China must stop making a mockery of the rights treaties it signs

Chinese President Xi Jinping speaks at the Eastern Economic Forum on September 12, 2018. Xinhua

By Margaret K. Lewis
October 30 at 2:43 PM

Margaret K. Lewis is a law professor at Seton Hall University.

On Nov. 6, the United Nations Human Rights Council will review China’s record just as human rights in the country are under intensified attack. The review also comes one month after the 20th anniversary of China signing the International Covenant on Civil and Political Rights (ICCPR), a foundational treaty that sets forth a range of protections for freedom of speech, assembly and religion. China not only has failed to ratify the ICCPR but instead is increasingly undermining the rights therein. The international community should respond by calling on China to remove its signature.

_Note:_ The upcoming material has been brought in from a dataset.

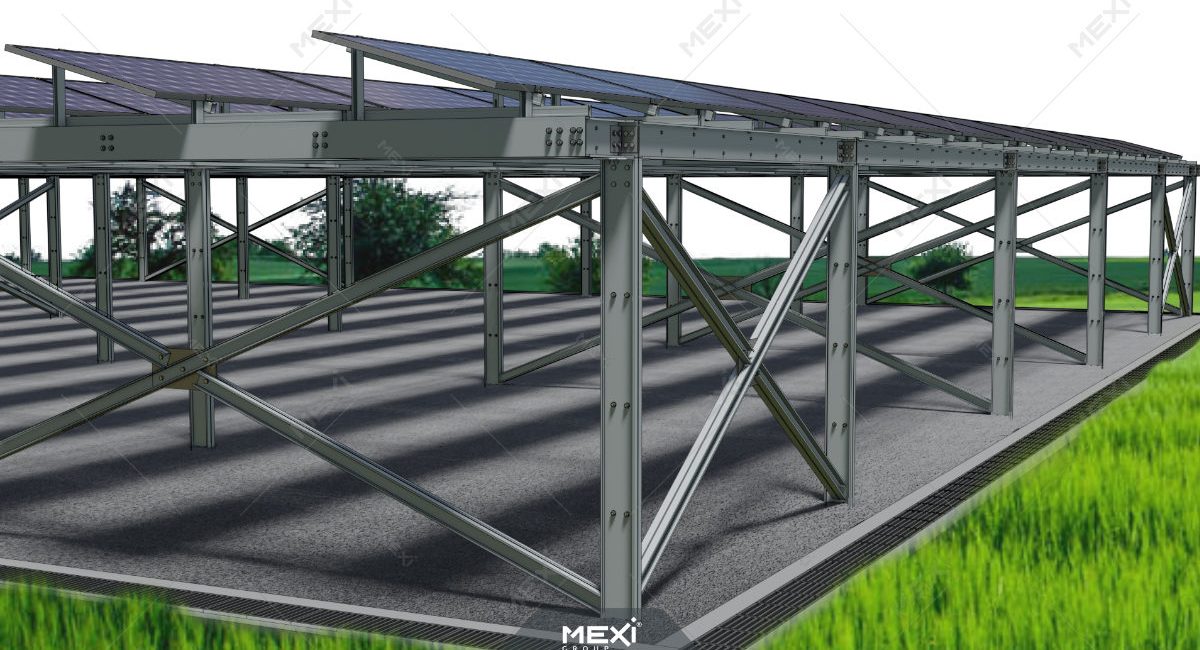 photovoltaic carport structure on light steel framing system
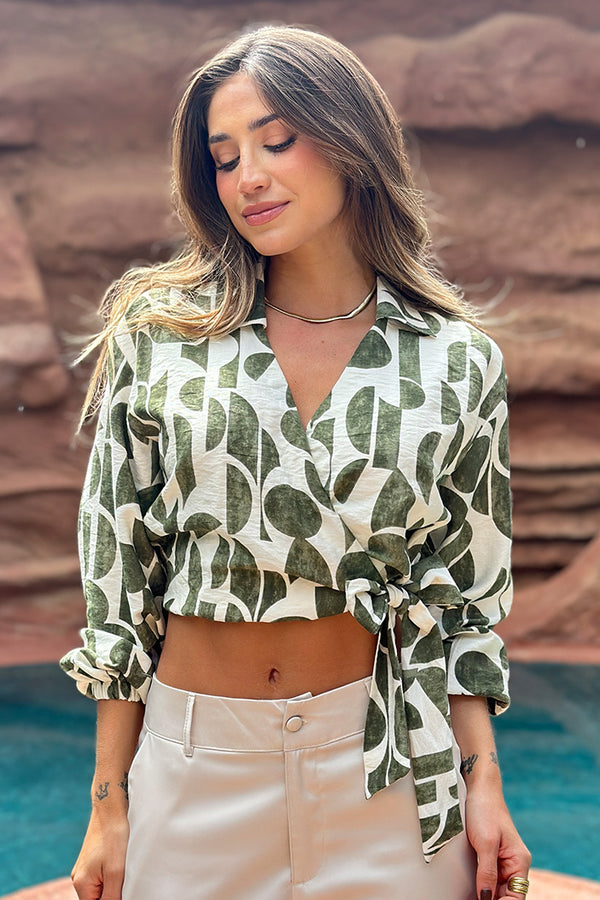 Blusa DF02369 para mujer tipo wrap con escote en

Prior to its first review before the Human Rights Council in 2009, China reported that the “relevant departments are carrying out necessary legislative, judiciary and administrative reforms to create the conditions for the early ratification of ICCPR.” In 2013, China again reported that the “relevant organs of the national government are continuing steadily to pursue administrative and legislative reforms in preparation for ratifying the Convention.” Before its third review this fall, China once again said that the “relevant departments of the government are steadily continuing to advance administrative and judicial reforms in preparation for [ICCPR] ratification.”